Extracted data entries:
'''
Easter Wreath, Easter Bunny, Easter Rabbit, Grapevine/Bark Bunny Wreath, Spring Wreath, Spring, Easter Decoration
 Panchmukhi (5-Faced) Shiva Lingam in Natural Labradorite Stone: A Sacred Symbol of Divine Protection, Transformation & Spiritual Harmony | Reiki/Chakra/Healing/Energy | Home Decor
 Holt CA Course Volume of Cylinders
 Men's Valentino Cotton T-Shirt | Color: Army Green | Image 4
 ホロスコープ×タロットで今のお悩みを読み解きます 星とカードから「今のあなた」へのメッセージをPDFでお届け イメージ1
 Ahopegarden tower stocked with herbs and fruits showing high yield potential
'''
- [TASK DIRECTIONS]: Starting with the first entry and ending with the last, give all of them again unchanged.

- [THE ANSWER]:
Easter Wreath, Easter Bunny, Easter Rabbit, Grapevine/Bark Bunny Wreath, Spring Wreath, Spring, Easter Decoration
 Panchmukhi (5-Faced) Shiva Lingam in Natural Labradorite Stone: A Sacred Symbol of Divine Protection, Transformation & Spiritual Harmony | Reiki/Chakra/Healing/Energy | Home Decor
 Holt CA Course Volume of Cylinders
 Men's Valentino Cotton T-Shirt | Color: Army Green | Image 4
 ホロスコープ×タロットで今のお悩みを読み解きます 星とカードから「今のあなた」へのメッセージをPDFでお届け イメージ1
 Ahopegarden tower stocked with herbs and fruits showing high yield potential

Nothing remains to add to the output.